Although Daniel Johnston is feted by musicians, few of us have directly experienced the singer-songwriter, who suffers from bipolar disorder. But when Spiritualized's Jason Pierce was offered the chance to curate Newcastle's week-long Evolution festival, Johnston's was the first name on his team sheet.
With Pierce in the audience, Johnston shuffles to the stage with tiny "Excuse me, sir"s, his plaintive, childlike voice emerging from a great teddy-bear-like body. Reading lyrics from a book, his acoustic guitar resting on his big belly, the 43-year-old Texan plays the instrument as if he's scraping it to remove a stain.
His lyrical concerns are harrowing and beautiful: "Love will haunt you like a ghost ... It could all end next week." While people in the audience compare him in whispers to the bluesman Robert Johnson, there's something uncomfortable about cheering someone whose troubles are so apparent. However, this is tempered by his delight in the applause and his cheeky, blackly humorous playing to the crowd.
He thanks "London", and tells a dry, oft-trotted out anecdote about his dream in which "a man was sentenced to death for attempting to commit suicide". A song that begins "Baby, you're driving me crazy" is mischievously ironic, but it's difficult not to be disturbed by a line like, "He was smiling through his own personal hell."
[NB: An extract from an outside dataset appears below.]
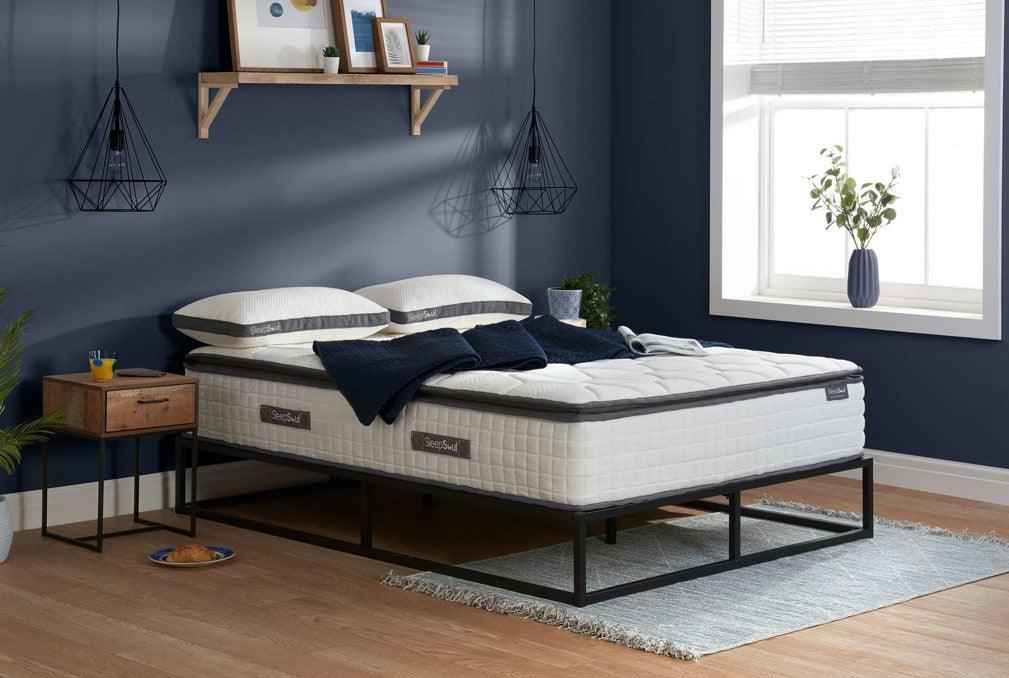 SleepSoul Bliss 800 Pocket Pillow Top Mattress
Johnston's awkward delivery is an acquired taste, but it becomes increasingly obvious that he is the conduit for some of the finest, most insightful songs being written. Every emotion possible intensifies as he switches to piano, and by the time he blasts into an astonishingly pure True Love Will Find You in the End it's difficult to know whether to cry or whoop. For once, the myth is equalled by the man.